A group of prominent Germans in the field of arts and culture have signed a letter urging parliament not to appoint a member of the far-right Alternative for Germany (AfD) party to chair the Bundestag’s culture and media committee. They warn that such a move could jeopardise the country’s “free and diverse cultural and media landscape”.
Signatories include Hermann Parzinger, the president of the Prussian Cultural Heritage Foundation; the film director Jeanine Meerapfel; the director of the Deutsches Theater in Berlin, Ulrich Khuon; the actress Iris Berben; and the conductor Christian Höppner.
“We cannot allow the AfD to inject its nationalist poison into debates in one of the most sensitive and important places in our parliamentary system,” the letter said. It warned that the AfD must be prevented from “downplaying the gruesomeness of the Nazi era by belittling Germany’s culture of remembering the past”.

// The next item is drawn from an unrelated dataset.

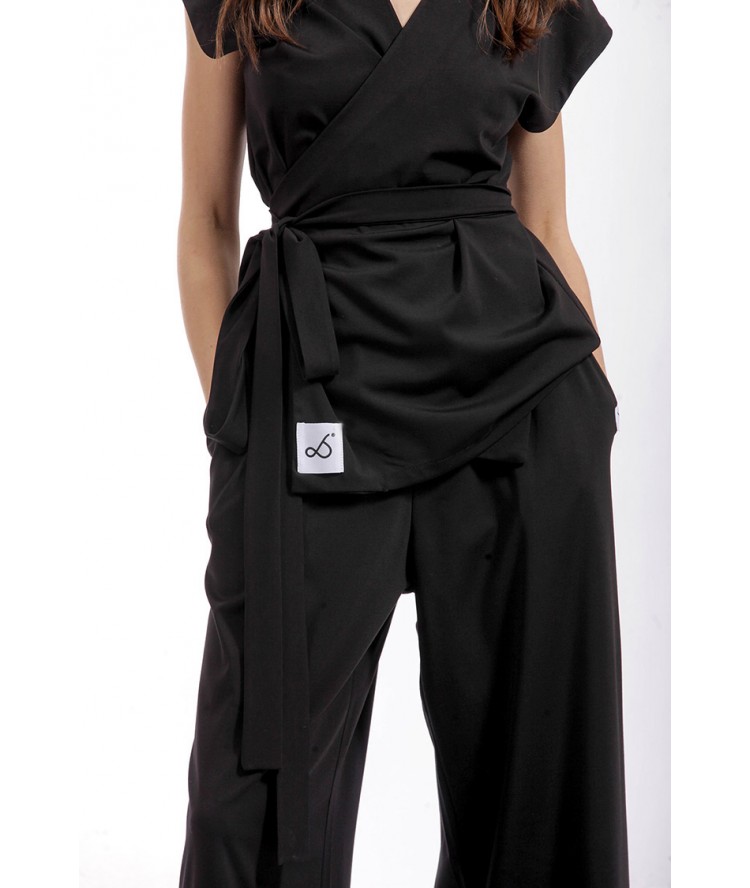 Two & A Half Cruise Kimono Top Black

The populist AfD won 12.6% of the vote in the German election on 24 September, entering the national parliament for the first time. By securing 93 seats, the AfD becoming the third-biggest party in the 709-seat Bundestag (lower house). Chancellor Angela Merkel’s Christian Democratic Union and its Bavarian sister-party remain the biggest parliamentary group with 246 seats. The chairs of the Bundestag committees are allocated to parties in relation to their strength in parliament. The current chairman of the culture committee is a member of the Social Democratic Party.
Björn Höcke, one of the most extreme AfD officials, caused outrage earlier this year by describing the Holocaust memorial in Berlin as “a monument of shame in the heart of the capital” and railed against what he termed “our mental state of a totally defeated people”.